For any $n=p_{1}^{r_{1}}\cdot\ldots\cdot p_{k}^{r_{k}}$ I know that $$ \varphi\left(n\right)=\prod_{i=1}^{k}p_{i}^{r_{i}}\left(1-\frac{1}{p_{i}}\right) $$ and from that we can get that $$ n=\frac{\varphi\left(n\right)}{\prod\left(p_{i}-1\right)}\prod p_{i} $$ Therefore I was looking for primes $p_{i}$ such that $p_{i}-1\mid\varphi\left(n\right)$ but it seems to be not enough. As written here we also need to make sure that all primes in $\frac{\varphi\left(n\right)}{\prod\left(p_{i}-1\right)}$ are also in $\prod p_{i}$ but I don't understand why. Any explanation please?
EDIT
What I was looking for specifically are some solutions to $\varphi\left(n\right)=2^{32}$ by using the first Fermat's numbers $F_n=2^{2^n}+1$ as primes and apparently I had to add also $2$ as another prime.

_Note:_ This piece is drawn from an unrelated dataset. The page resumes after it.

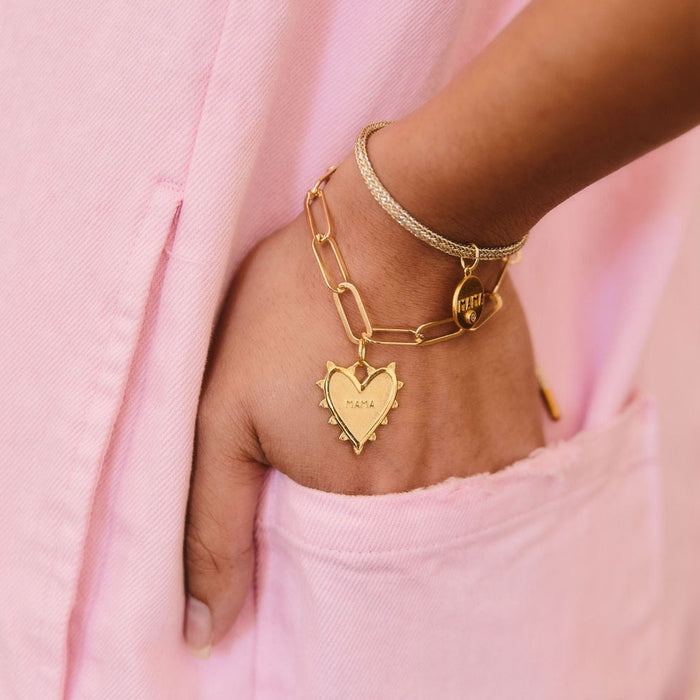 Lurex Bracelet and Charm Bracelet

For example: $$ n_{0}=\frac{2^{32}}{F_{0}-1}\cdot F_{0}=\frac{2^{32}}{2^{2^{0}}}\left(2^{2^{0}}+1\right)=3\cdot2^{31}\notin\varphi^{-1}\left(2^{32}\right) $$ But $$ n'_{0}=\frac{2^{32}}{\left(2-1\right)\left(F_{0}-1\right)}\cdot2\cdot F_{0}=3\cdot2^{32}\in\varphi^{-1}\left(2^{32}\right) $$